父・杵屋勝東治さんの四十九日法要後に会見する勝新太郎さん

 14日から2日間に渡って紹介した「戦後70年 著名人が選ぶ“私のベスト10”」。芸能界の伝説の記者会見部門は、俳優の勝新太郎さん(97年に65歳で死去)が上位2つを独占した。90年1月の「もうパンツはかない」発言と、96年11月のがん公表中の喫煙。これに加えて芸能界で「勝新3大記者会見」と呼ばれる伝説の会見がもう1つある。同年4月7日、父で長唄三味線方の杵屋勝東治さん(享年86)の四十九日法要後の囲み会見だ。

 当時の取材ノートを久しぶりに開いてみた。法要という、本来なら笑いが起きないはずの場。それなのに、取材メモには「芸能リポーター大爆笑」と書かれてある。

 当日は、懲役2年6月の判決を受けたハワイでの薬物事件で、4年の執行猶予期間が満了する日でもあった。「今、何が一番したいですか?」の質問に、「まずハワイ行って…オレを捕まえた人たちを全部呼んでだね…まぁ、あれだね…一服吸ったりなんかして」と高笑いし、何かを吸引するポーズをとった。

 薬物吸引ポーズかと勘違いした女性リポーターは慌てて「やめてください」。これを逆手にとった勝さんは「タバコを吸うのに、なんで?」と聞き返し、このリポーターに向かって「(薬物を)吸ったこと、あるんだろ?だから知ってるんじゃない?」と突っ込んで周囲を爆笑させた。
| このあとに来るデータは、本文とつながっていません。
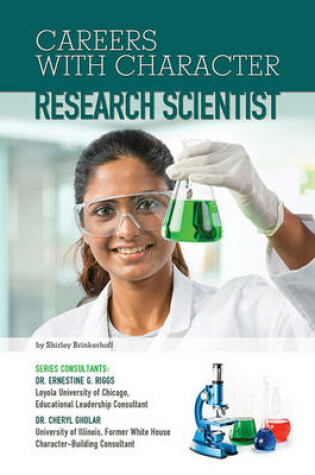 Cover of Research Scientist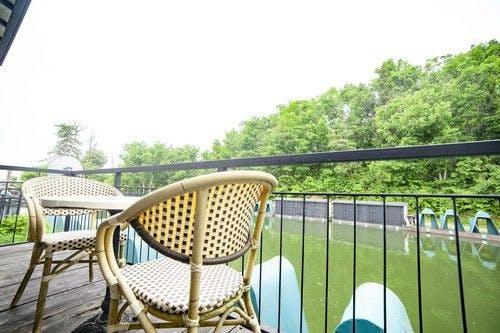 ห้องพัก - ห้องพักพร้อมระเบียง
さらに去り際には、テレビカメラの前でのやりとりについて「うまく編集しておいて」と付け加え、最後まで笑いを誘った。

 会見前の納骨式にも驚いた。規制線から勝さんら遺族までの距離は100メートルほど。撮影カメラの望遠レンズをのぞくと、妻の中村玉緒が墓前で白い歯を見せながら苦笑し、「やめなさいよ」とばかりに勝さんの背中を叩いている。勝さんが突然、遺骨を食べ始めたのだ。この時、「これで父ちゃんはオレの中に入った」と心の中でつぶやいていたという。

 破天荒なイメージが強いが、家族への愛情も深い。82年、母の八重子さん(享年70)が亡くなった時には「“オレを産んでくれたところ”に顔を埋めてキスしたよ」と明かした。兄で俳優の若山富三郎さん(享年62)の四十九日法要(92年5月)では、囲み会見で「もう、オレの悪口を言ってくれる人は誰もいない…」とポツリ。さびしそうな表情を見せたことを今でも覚えている。

 一方で、執行猶予期間中の96年3月、スイス旅行に出かけて話題に。あのハワイ以来の渡航だけに、成田空港に張り込んで帰国を待った。すると、勝さん側から「成田空港のVIP室をおさえたので、そこで取材対応する」。机の上には瓶ビールが並び、勝さんは「今回は無事に帰ってこれた。さぁ飲んでくれ。飲まないと取材には応じない」と条件を付けた。1杯いただいて「今回はパンツをはいて行かなかったんですか?」と質問をすると、「もう1杯飲め!」とビール瓶の先を向けてきた。